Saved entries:
Start of Block
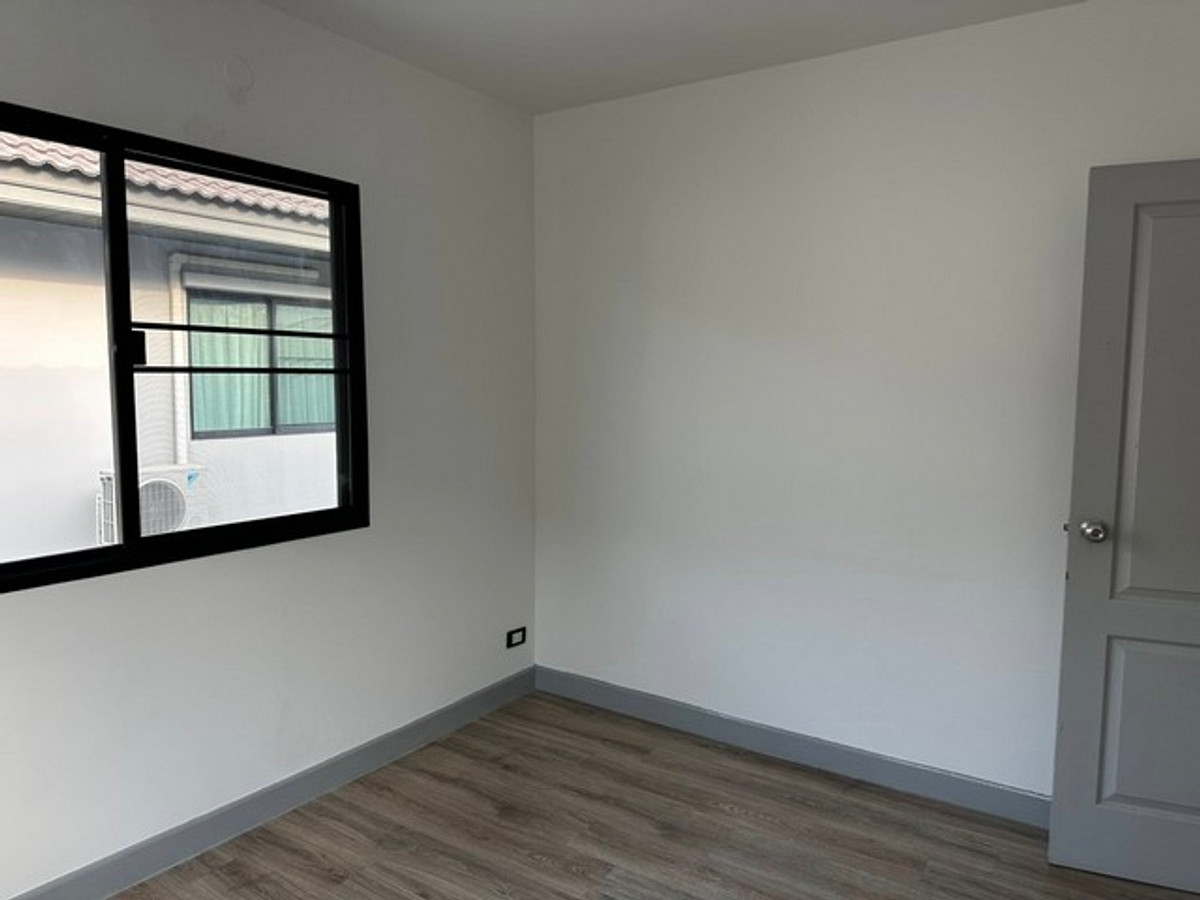 For RentHousePathum Thani,Rangsit, Thammasat : HR3322 Single house for rent, PAVE Rangsit project (Khlong 4) – beautiful house, new condition, with furniture/new appliances.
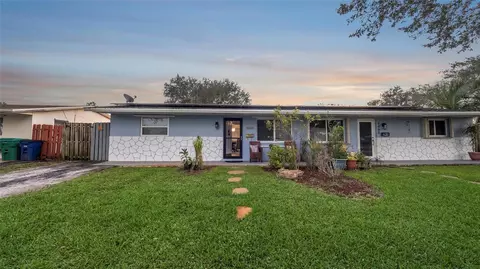 9480 SW 51st St, Cooper City, FL 33328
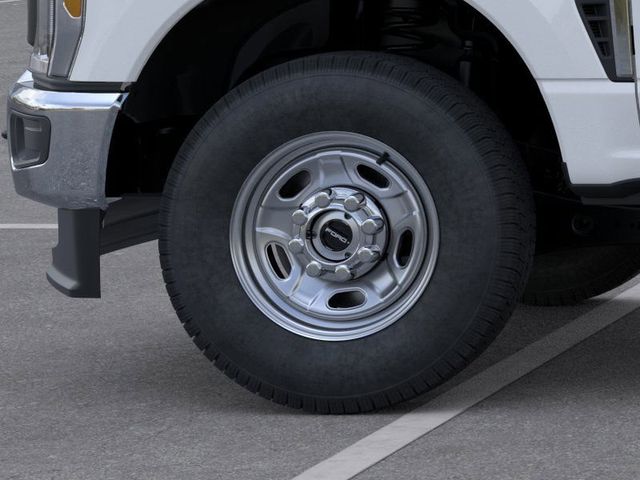 2025 Ford F-350 XL photo 18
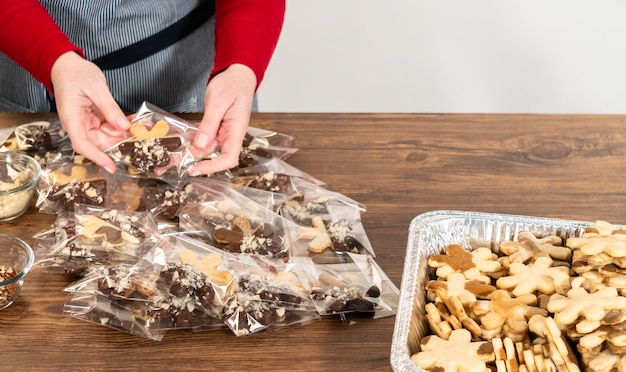 Empaquetage de biscuits de fête avec des délices de Noël au chocolat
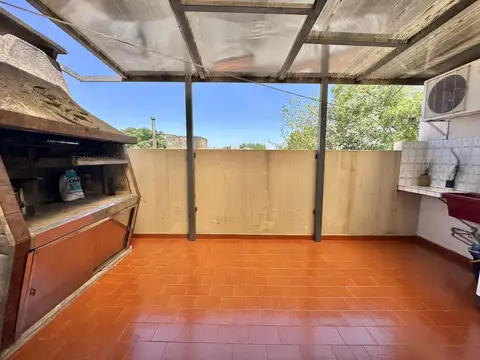 Depto Tipo Casa en Alquiler 50 años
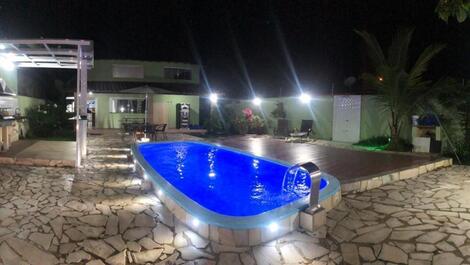 Casa para até 8 hóspedes na praia de lagoinha/ ubatuba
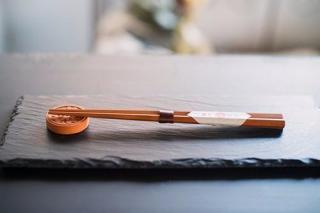 日本筷子的头为啥是尖的？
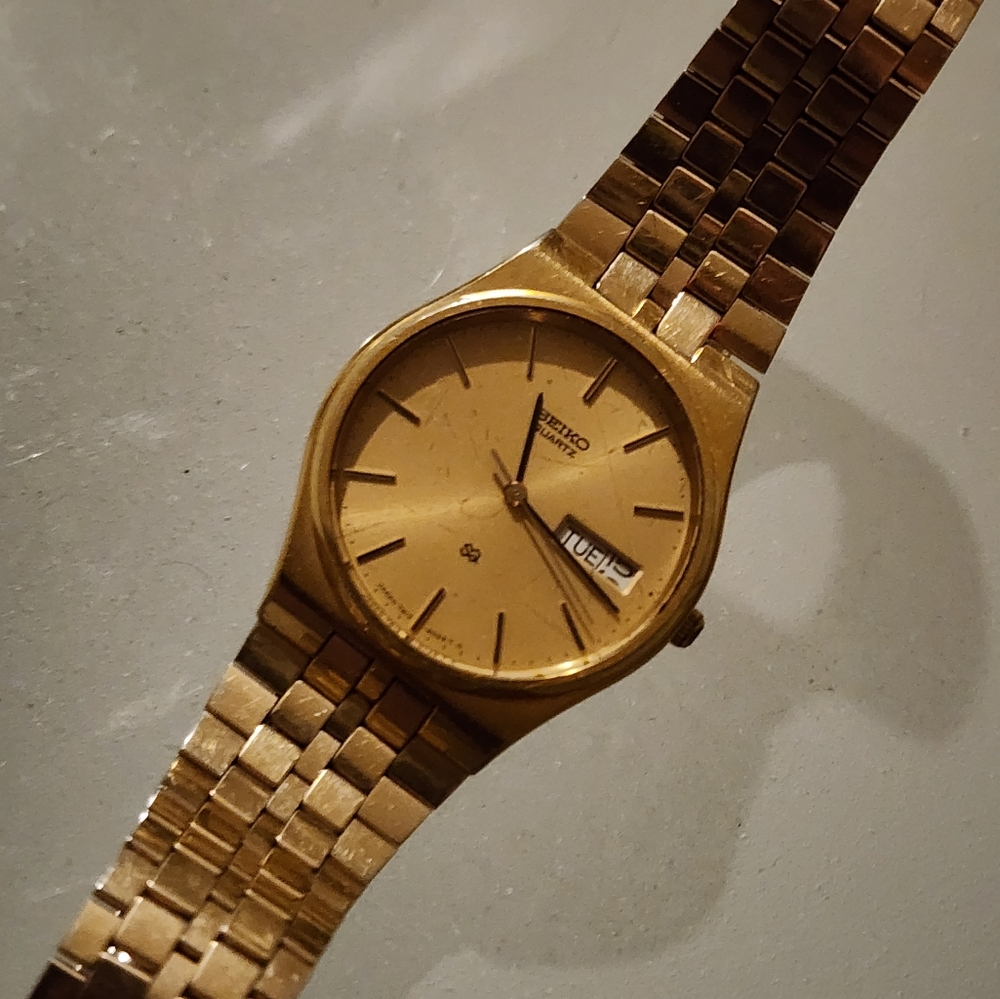 Authentic Vintage Seiko Japan Quartz Dual Date English /Spanish Mens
End of Block
Exercise directions
Except for the pictures, give the data again word for word.

Reply
 For RentHousePathum Thani,Rangsit, Thammasat : HR3322 Single house for rent, PAVE Rangsit project (Khlong 4) – beautiful house, new condition, with furniture/new appliances.
 9480 SW 51st St, Cooper City, FL 33328
 2025 Ford F-350 XL photo 18
 Empaquetage de biscuits de fête avec des délices de Noël au chocolat
 Depto Tipo Casa en Alquiler 50 años
 Casa para até 8 hóspedes na praia de lagoinha/ ubatuba
 日本筷子的头为啥是尖的？
 Authentic Vintage Seiko Japan Quartz Dual Date English /Spanish Mens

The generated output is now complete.